Immersed in our degraded political culture today, a person finds it difficult to appreciate only fifty years ago the United States experienced one of the great democratic movements of world history. Payne’s book records some of the thinking, discussions, and actions of the multitudes of people across the small towns and communities of the South, who came together and seized their democratic rights. Most essentially, the book offers lessons in the processes of democratic organizing, a necessary first step to reviving, reforming, and evolving democracy in America.
In a nation with no historical memory, or seemingly little memory at all for that matter, what little is remembered of the Civil Rights Movement is all rolled into one man, Dr. Martin Luther King. Even that is generous.
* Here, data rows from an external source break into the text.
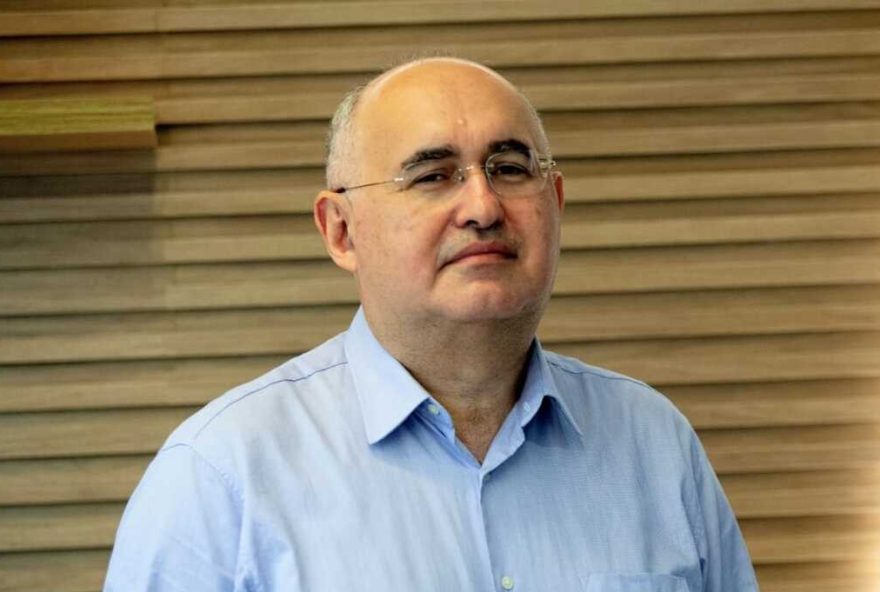 hugo-motta-defende-inocencia-de-bolsonaro-no-caso-das-manifestacoes-de-2023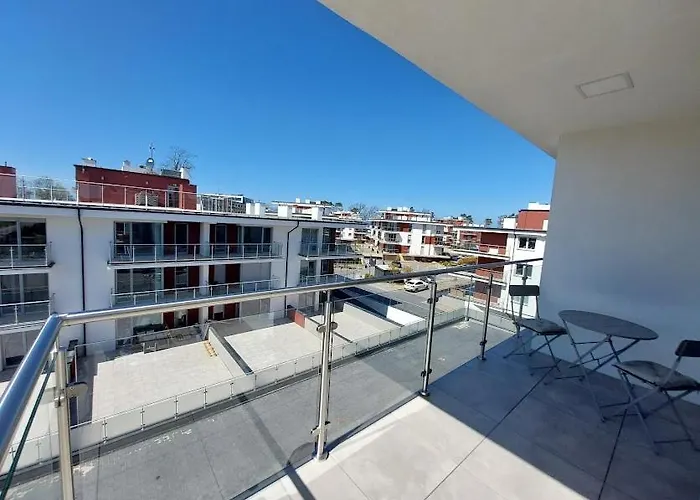 Olive Z Dostepem Do Basenu شقة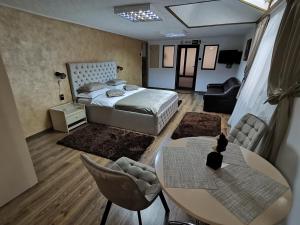 Shelby Accommodation -Adult Only-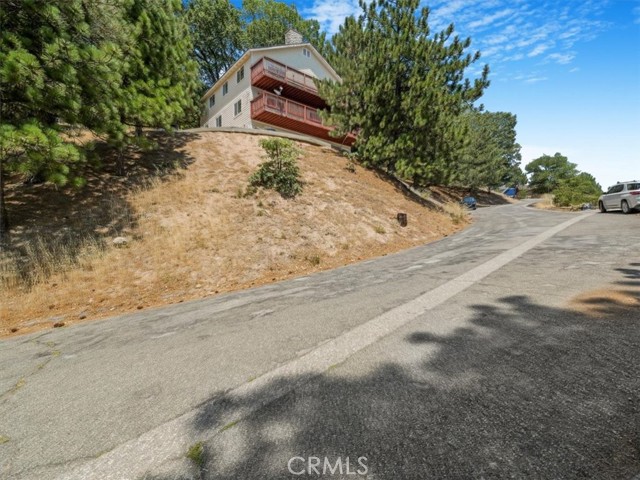 Detail Gallery Image 14 of 46 For 30134 Enchanted Way, Running Springs,  CA 92382 - 4 Beds | 3/1 Baths
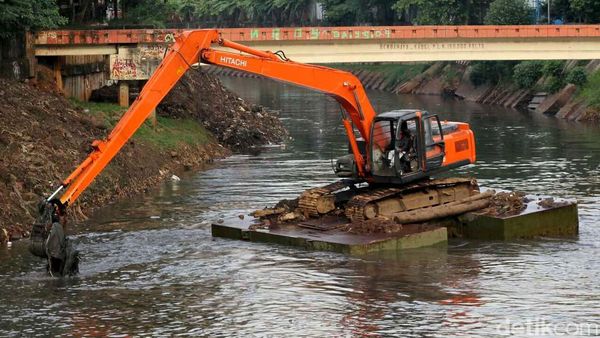 Pengerukan Waduk Kebon Melati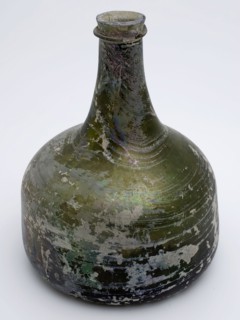 Belly bottle in clear olive green glass, hammer, iridescent, wine bottle bottle holder soil find glass, free blown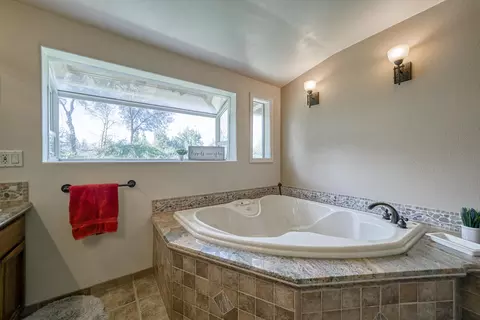 4398 Alta Campo Dr, Redding, CA 96002 photo 35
It’s entirely accurate to say what’s popularly remembered is a few phrases from one speech. Dr King deserves the greatest respect, but he was not the movement. Payne explains, “The undervaluation of the leadership role played by ordinary people corresponded to an over concentration of the role of national leaders, Dr. King in particular.” Or as movement organizer Diane Nash said, “If people understood the movement, they wouldn’t ask, ‘When will we get another leader like that?; they would ask, ‘What can I do?’”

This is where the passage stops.